__DATA EXCERPTS__

/---

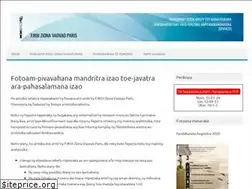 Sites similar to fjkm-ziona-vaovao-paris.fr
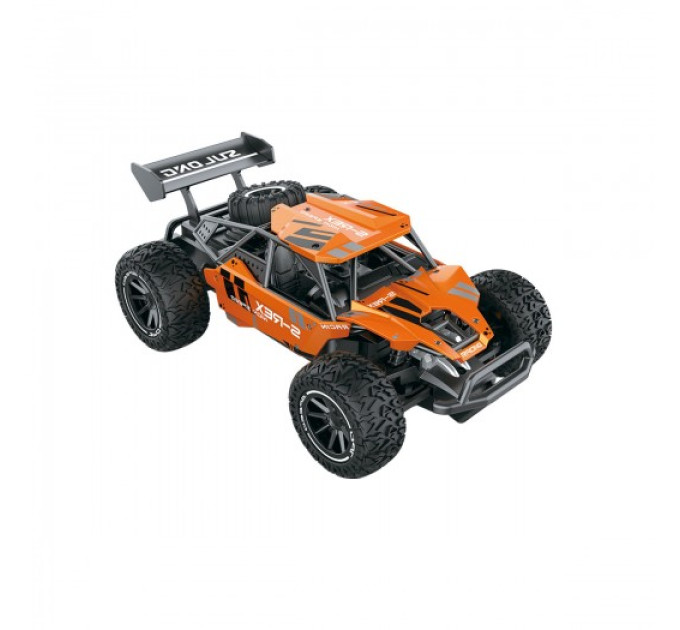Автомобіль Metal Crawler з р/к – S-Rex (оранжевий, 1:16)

\---
/---

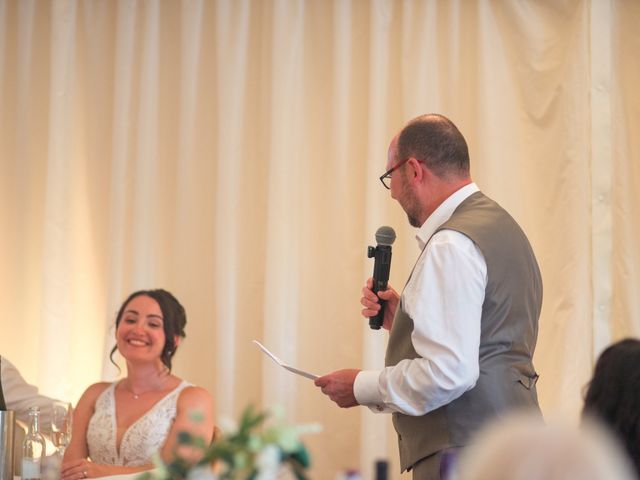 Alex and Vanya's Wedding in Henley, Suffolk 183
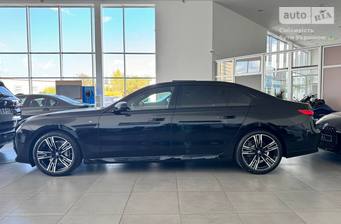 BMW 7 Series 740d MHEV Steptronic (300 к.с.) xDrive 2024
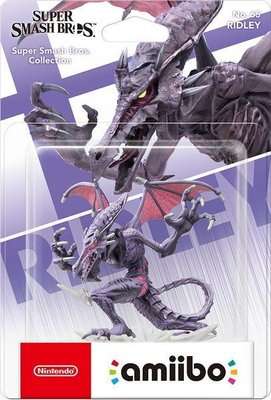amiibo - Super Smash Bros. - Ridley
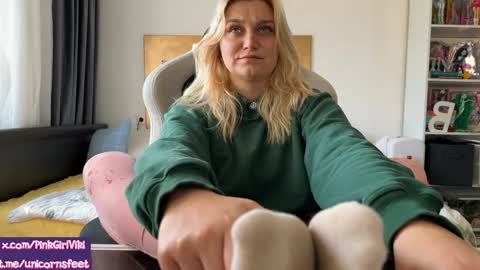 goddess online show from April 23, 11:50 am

\---

__TASK BRIEF__
Restate the lines above from the one containing "Sites similar to fjkm-ziona-vaovao-paris.fr" through the one containing "Автомобіль Metal Crawler", inclusive, exactly and without pictures.

__WRITTEN RESPONSE__
 Sites similar to fjkm-ziona-vaovao-paris.fr
Автомобіль Metal Crawler з р/к – S-Rex (оранжевий, 1:16)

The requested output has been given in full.